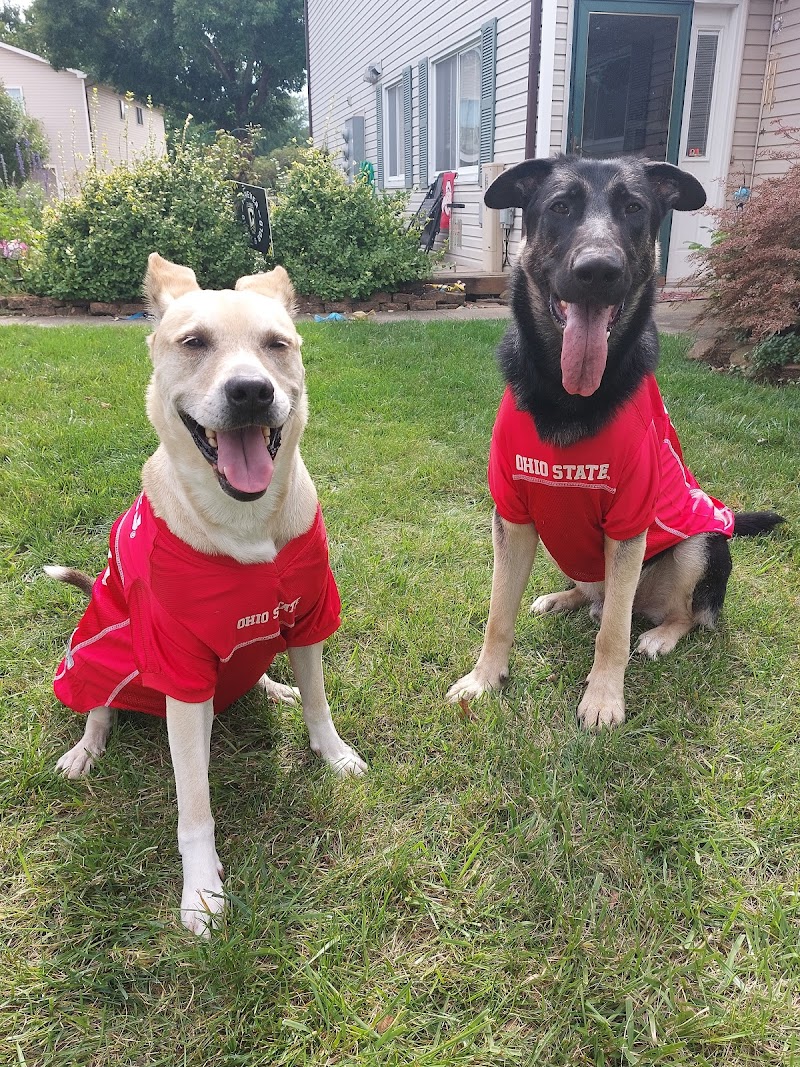 Perry County Dog Shelter - New Lexington, OH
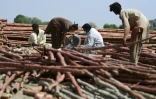 Des ouvriers utilisent des bambous pour construire des huttes résistantes aux inondations, le 9 avril 2023 à Tando Allahyar, au Pakistan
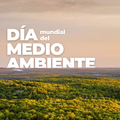 Radar: DIA DEL AMBIENTE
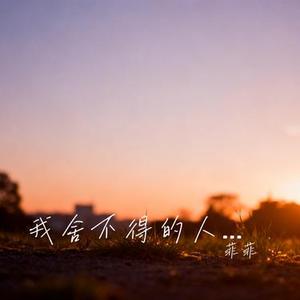 我舍不得的人并没有舍不得我 (Cover 向思思)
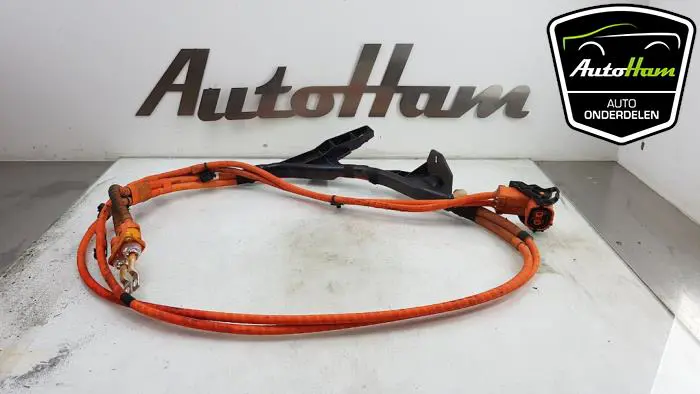 HV kabel (hoog voltage) Volkswagen Golf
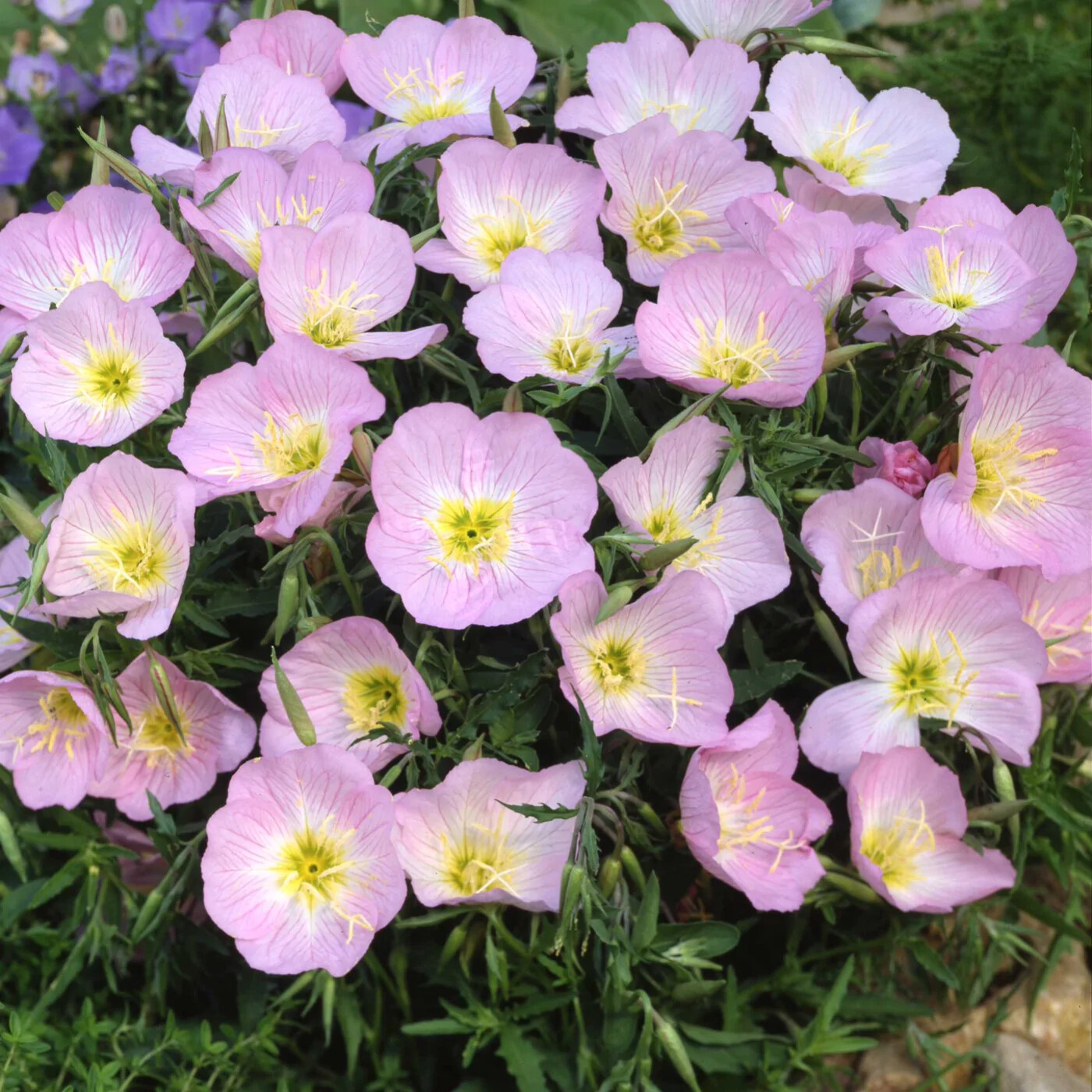Showy Evening Primrose Seeds, Pink Ladies, Amapola, Mexican Primrose, FREE SHIP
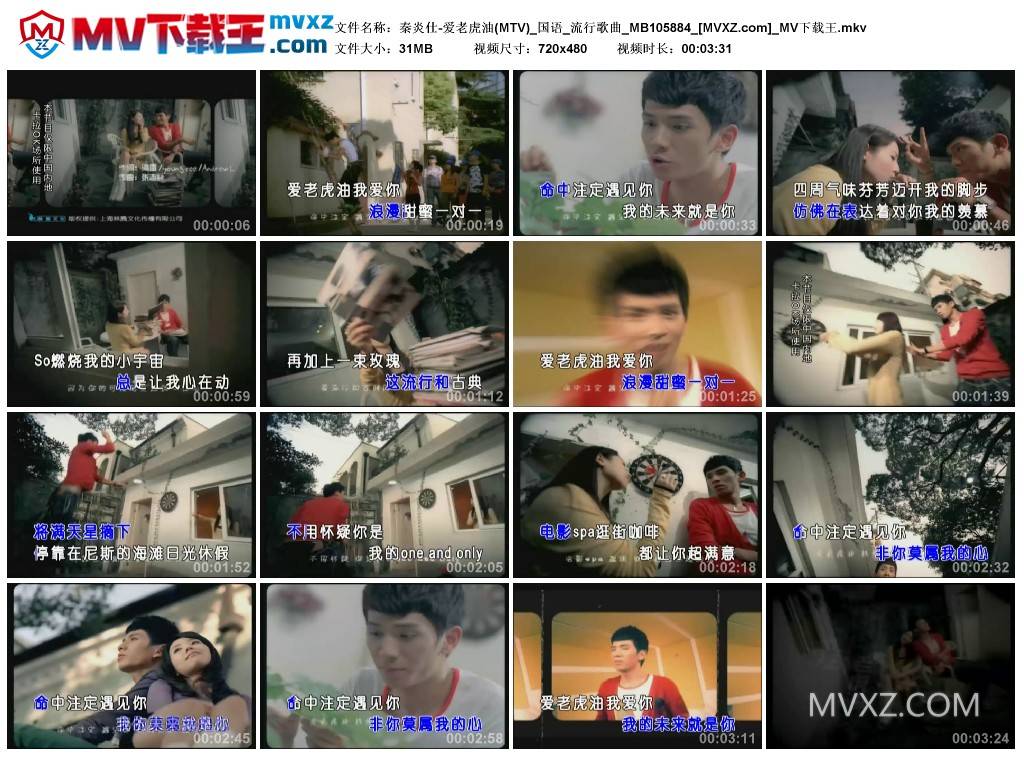 秦炎仕-爱老虎油(MTV)_国语_流行歌曲_MB105884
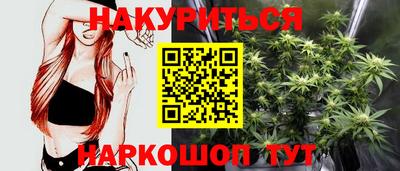 стаф Донецк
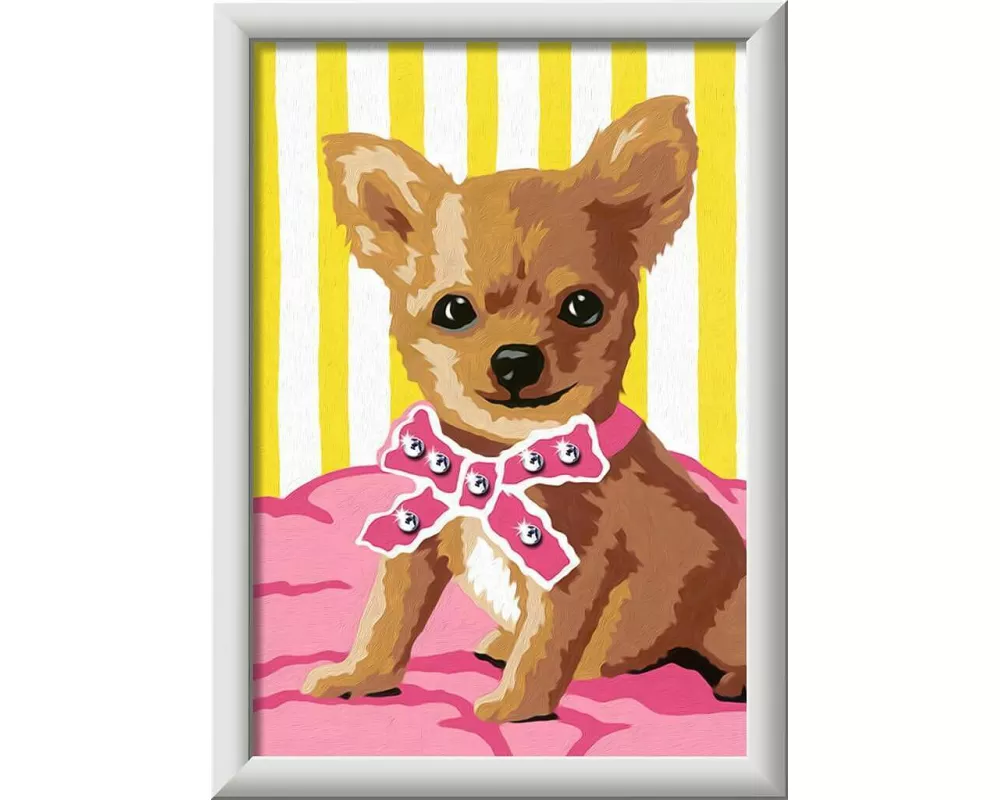 CreArt - Malen nach Zahlen - Kleiner Chihuahua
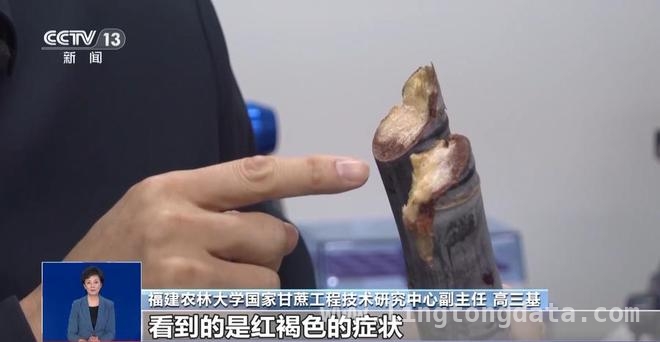 清明甘蔗真的“毒过蛇”？真相大揭秘，破解“清明蔗，毒过蛇”谣言，教你选甘蔗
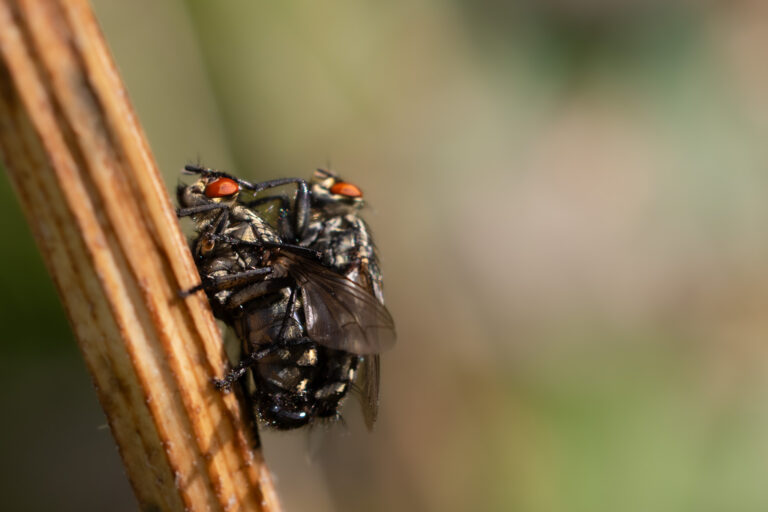 Kleine Lebewesen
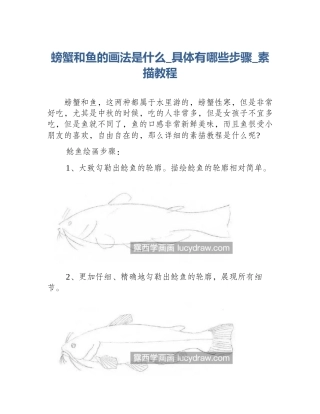 螃蟹和鱼的画法是什么_具体有哪些步骤_素描教程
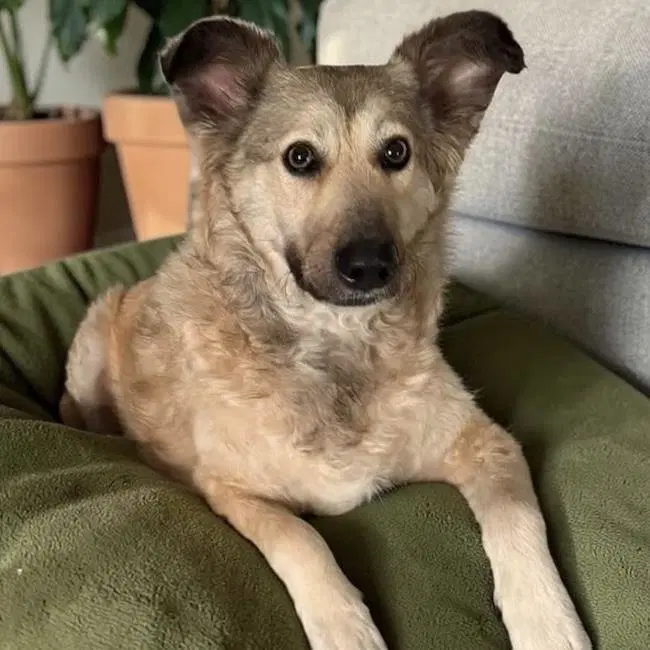 Jasper - Shepherd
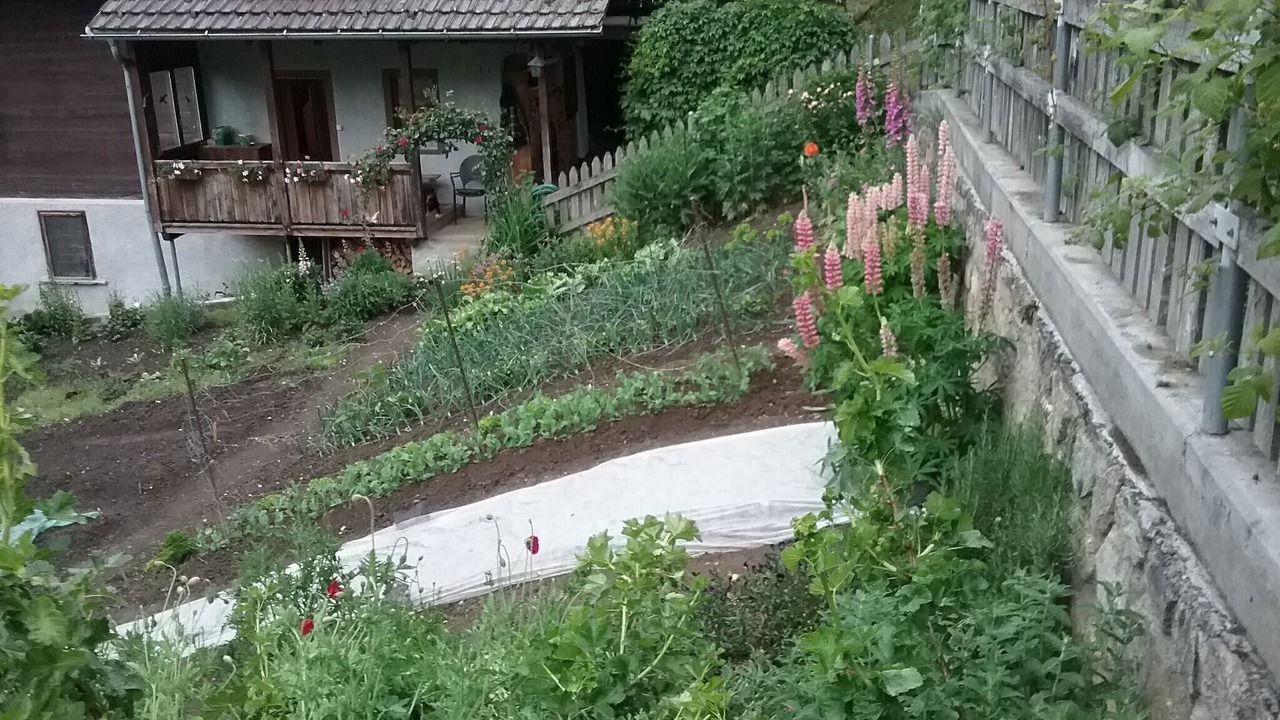 Photo of Outdoor in Moerel-Filet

——————

- WHAT IS EXPECTED: Transcribe exactly, with no pictures, the lines running from the first line of the material through the line holding "стаф Донецк".

- EXPECTED OUTPUT:
 Perry County Dog Shelter - New Lexington, OH
 Des ouvriers utilisent des bambous pour construire des huttes résistantes aux inondations, le 9 avril 2023 à Tando Allahyar, au Pakistan
 Radar: DIA DEL AMBIENTE
 我舍不得的人并没有舍不得我 (Cover 向思思)
 HV kabel (hoog voltage) Volkswagen Golf
Showy Evening Primrose Seeds, Pink Ladies, Amapola, Mexican Primrose, FREE SHIP
 秦炎仕-爱老虎油(MTV)_国语_流行歌曲_MB105884
 стаф Донецк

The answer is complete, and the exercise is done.